This code is designed to extract information from a Slack export JSON file and save the extracted data into a CSV file. The extracted information includes links, image links, and text from each message in the JSON file.
Python 3.x
Slack export JSON file
Place the Slack export JSON file in the same directory as the Python script. Modify the script if necessary to match the correct path and filename of the JSON file. Replace 'Slack export/ML-AI-xr/2020-12-19.json' in line 6 with the correct path and filename. Run the Python script. It will extract the information from the JSON file and save it to a CSV file named extracted_data.csv. After running the script, you can find the generated CSV file in the same directory as the Python script.
- The script imports the necessary libraries: csv for CSV file operations, json for reading JSON files, and re for regular expressions.
- The JSON file is opened and loaded using the json.load() function.
- Empty lists are initialized to store the extracted information: links for regular links, image_links for image links, and text for message text.
- The script iterates over each message in the JSON data and checks if the message contains text. It excludes messages containing the phrase "has joined the group".
- URLs are extracted from the message text using regular expressions.
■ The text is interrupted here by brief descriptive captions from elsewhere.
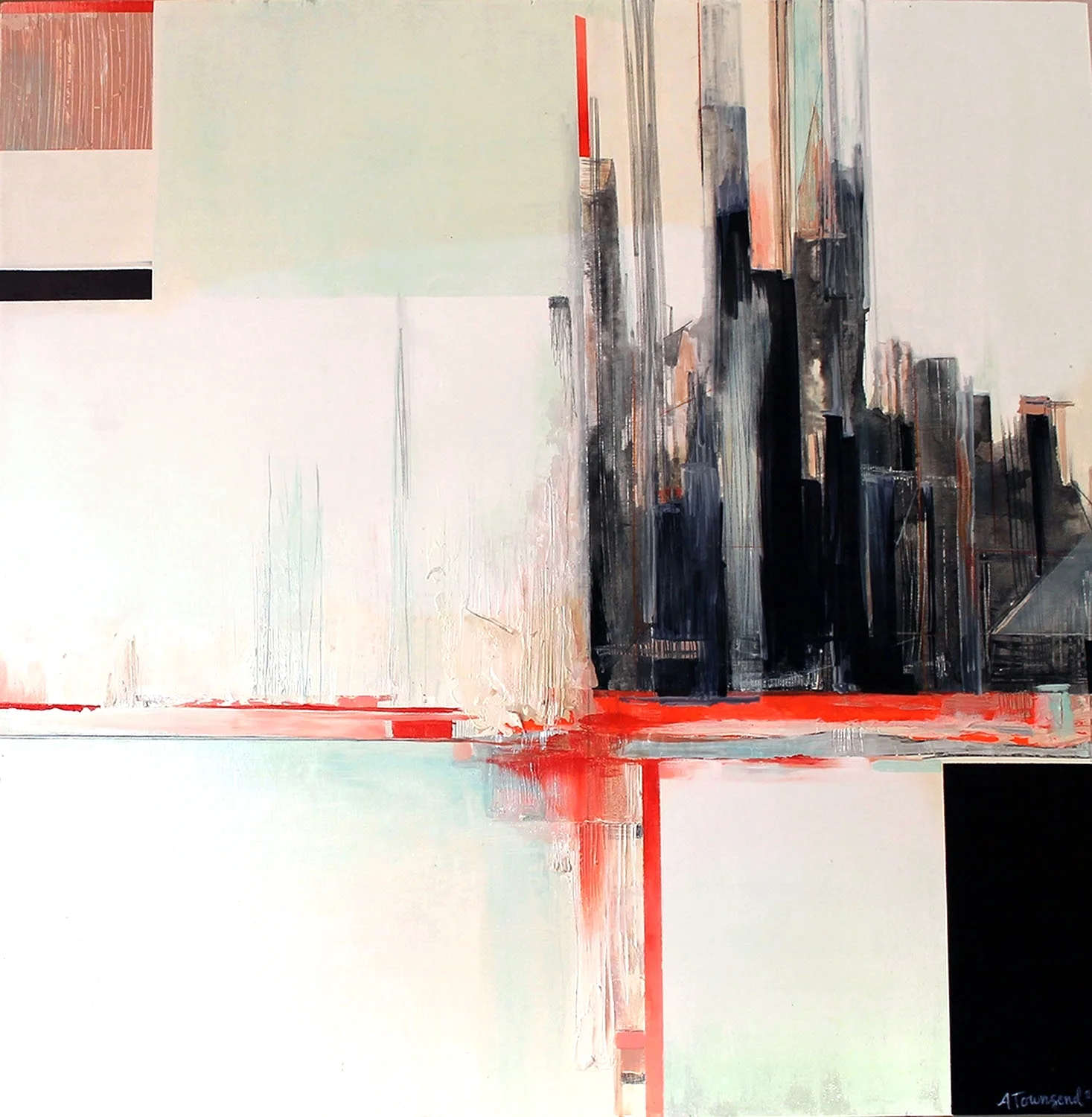 Architectural Progression 2, 36"x36", Mixed Media on Wood Panel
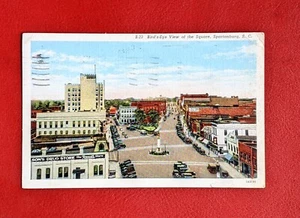 Spartanburg SC South Carolina  BIRDSEYE VIEW OF SQUARE  Postcard Posted 1940  - Picture 1 of 5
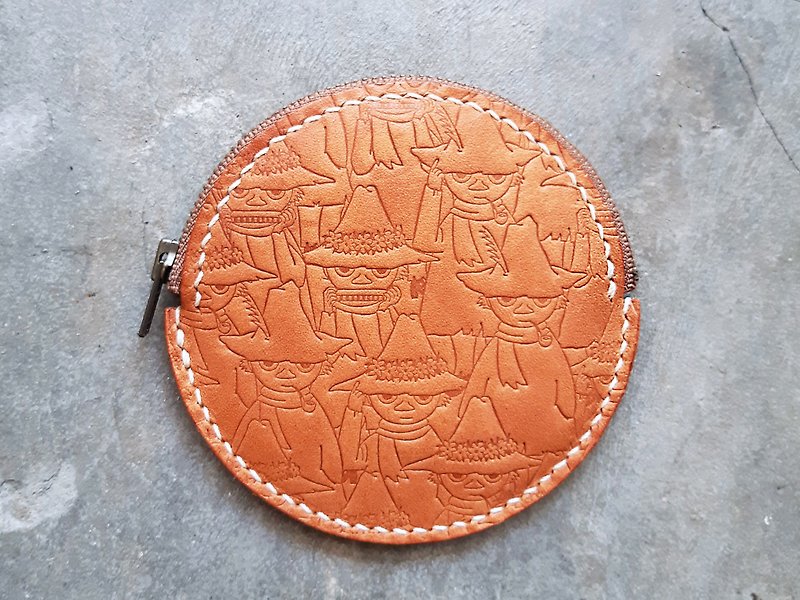 MOOMINx Hong Kong-made leather Shiliqi round coin purse material bag loose paper well stitched formally authorized - Leather Goods - Genuine Leather Orange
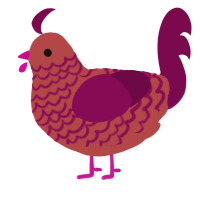 A red and wine chicken with a lace pattern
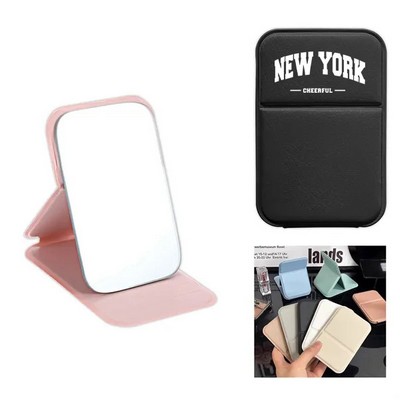 Portable PU Leather Folding Makeup Mirror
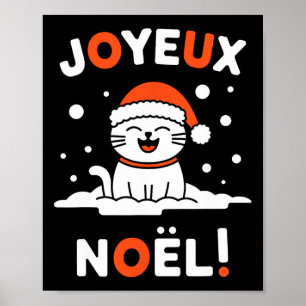 Poster Joyeux Noël Khao Manee Chat blanc Noël Père Noël 2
If a URL ends with an image file extension (e.g., 'png', 'jpg', 'jpeg', 'gif'), it is added to the image_links list; otherwise, it is added to the links list.
- The text of the message is appended to the text list.
- If a message has a user profile, the script extracts the profile's icon URL and adds it to the image_links list.
- A list of dictionaries is created, where each dictionary represents a message and contains the text, links, and image links.
- Field names for the CSV file are defined.
- The extracted information is written to a CSV file using the csv.DictWriter() and writerows() functions.
Please note that this code assumes the JSON file is formatted correctly and follows the structure expected by the script. Additionally, it assumes the JSON file contains the necessary information for extracting links, image links, and text from each message.
Feel free to modify the code according to your specific needs or integrate it into a larger project.